Василий Розанов Михаилу Гершензону[348][349]
«Дело Бейлиса[350] имело громадные последствия, – и именно тем, что русские были здесь поражены. Это торжество евреев открыло всем глаза. Множество людей – пусть безмолвно – испугались за Россию. Увидели угрозу будущности России. Во время Бейлиса черта оседлости была как бы снята: они точно хлынули всею массою в Россию; все увидели, что они всем владеют, деньгами, силою, властью; прессою, словом; почти судом и государством. Пережили ужас. И этот ужас чувствовался в каждом дому (домашние из-за евреев ссоры, споры). До Бейлиса не было вопроса об еврее: вопрос был решен в их пользу, и бесповоротно. Только одно правительство задерживало, но оно косно и зло. После дела Бейлиса, когда увидели, что оно сильнее самого правительства и что правительство не может с ним справиться, несмотря на явность правды (Андрюша, очевидно, ими убит), – когда они вывезли с триумфом своего Бейлиса и наградили его покупкой имения в Америке, а господин Виленский[351] тоже выехал за границу: все увидели, что сплоченное еврейство куда могучее правительства в разброде, спорящего и вздорящего. И поняли, что правительство одно кое-что еще защищает и кое в чем сдерживает евреев, общество же – положительная труха».
Василий Розанов[352]
«Не нужно звать погрома в Белосток, не надо погрома звать и в Россию: ибо революция есть погром России, а эмигранты – погромщики всего русского, русского воспитания, русской семьи, русских детей, русских сел и городов, как все Господь устроил и Господь благословил».
Василий Розанов[353]
Церковное ослушание[354], отталкивающая творческую интеллигенцию розановская дремучая реакционность, более всего проявившаяся в антиеврейских выступлениях в связи с убийством Столыпина и делом Бейлиса[355], привели к полной общественной дискредитации (кислота в лицо!!) и отлучению на заседании Религиозно-философского общества[356] 26 января 1914 года: «Выражая осуждение приемам общественной борьбы, к которым прибегает Розанов, общее собрание действительных членов общества присоединяется к заявлению Совета о невозможности совместной работы с В. В. Розановым в одном и том же общественном деле»[357].

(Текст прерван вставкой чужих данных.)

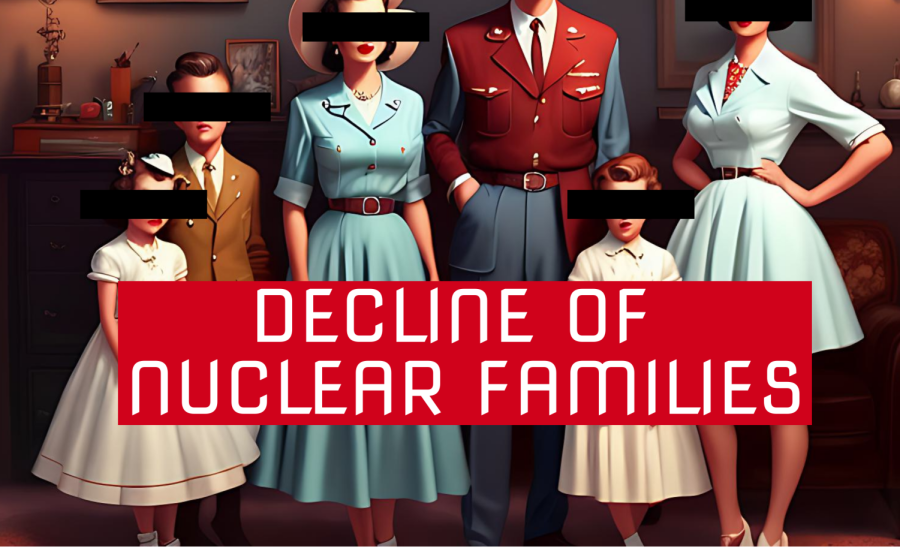 Saving the Nuclear Family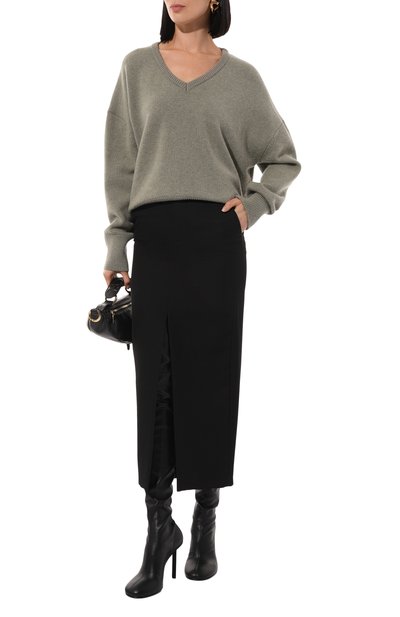 Кашемировый пуловер SEVEN LAB, арт. CHH.07.510.555, фото 2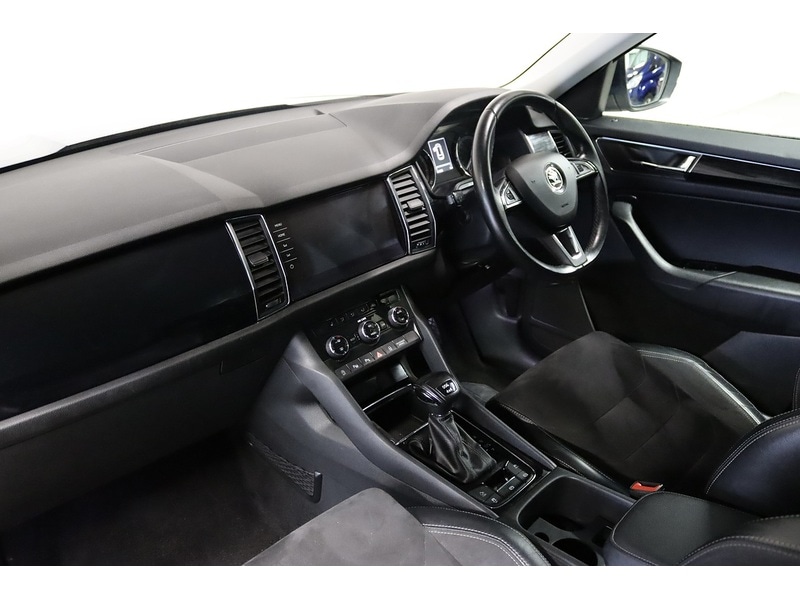 Used Skoda Kodiaq 2018 for sale - 76784367: Photo 20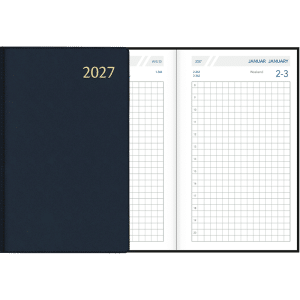 Agenda Technica 2027 Blauw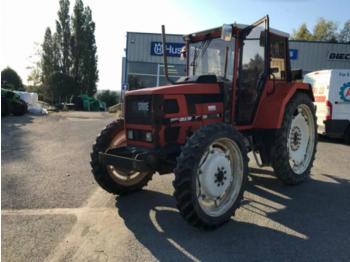 Landbouw tractor Same tracteur agricole laser90 same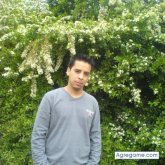 apolo chico soltero en Rancagua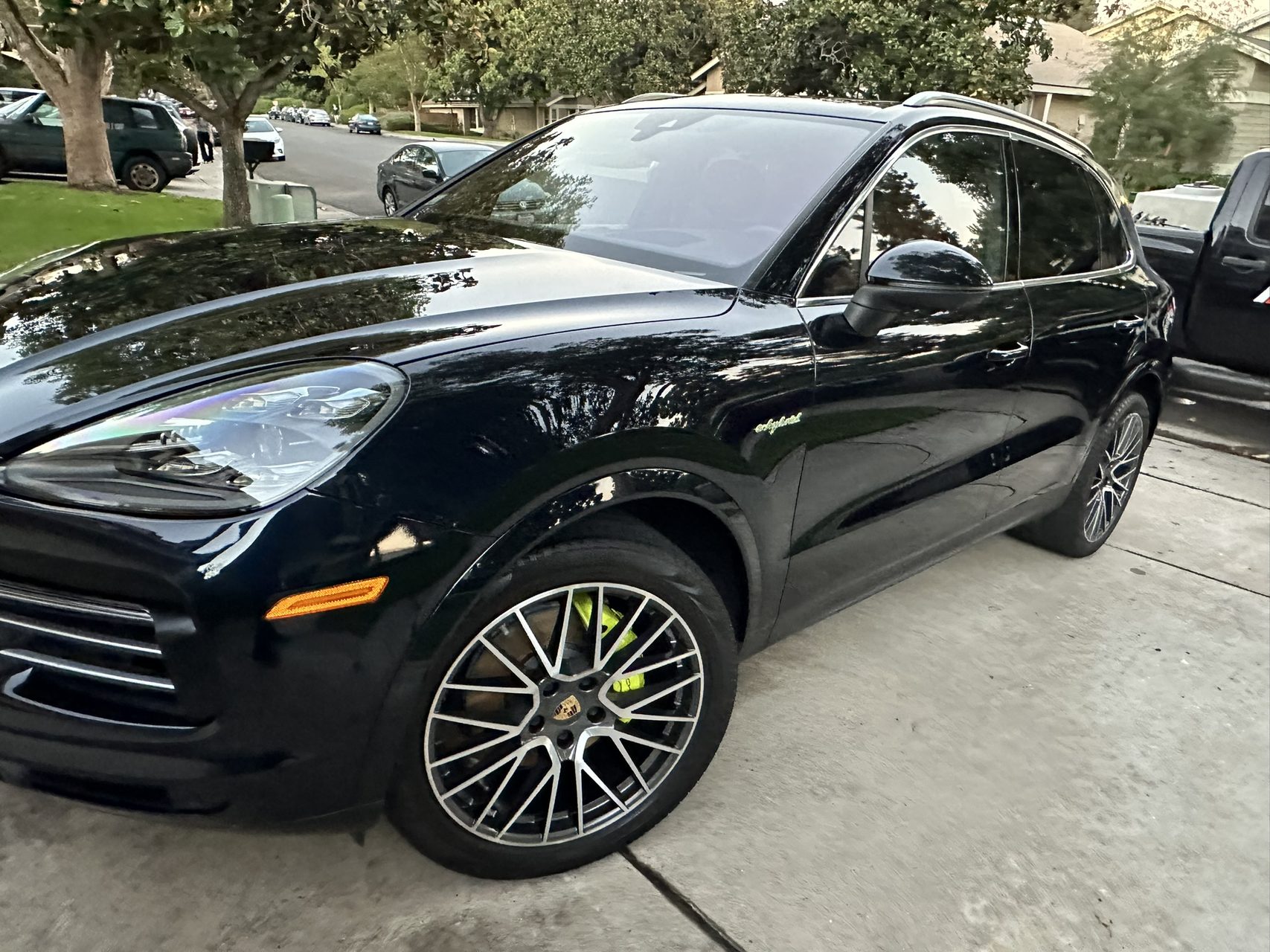 HiDegree Auto Detailing Work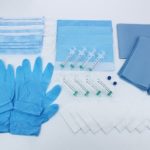 EASY HD Catheter KIT II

«Господа, я не хотел бы в своей очень краткой речи останавливаться на религиозных мотивах. Развивать этого я не буду. Я скажу только, что если Религиозно-философское общество действительно хочет носить имя религии, то вопрос о суде невозможен принципиально, исключение Розанова для нас невозможно, несмотря на то отношение, которое он вызывает в нашей психологии и наших этических чувствах, несмотря на все и quand même[358] исключение его все же невозможно по религиозным мотивам.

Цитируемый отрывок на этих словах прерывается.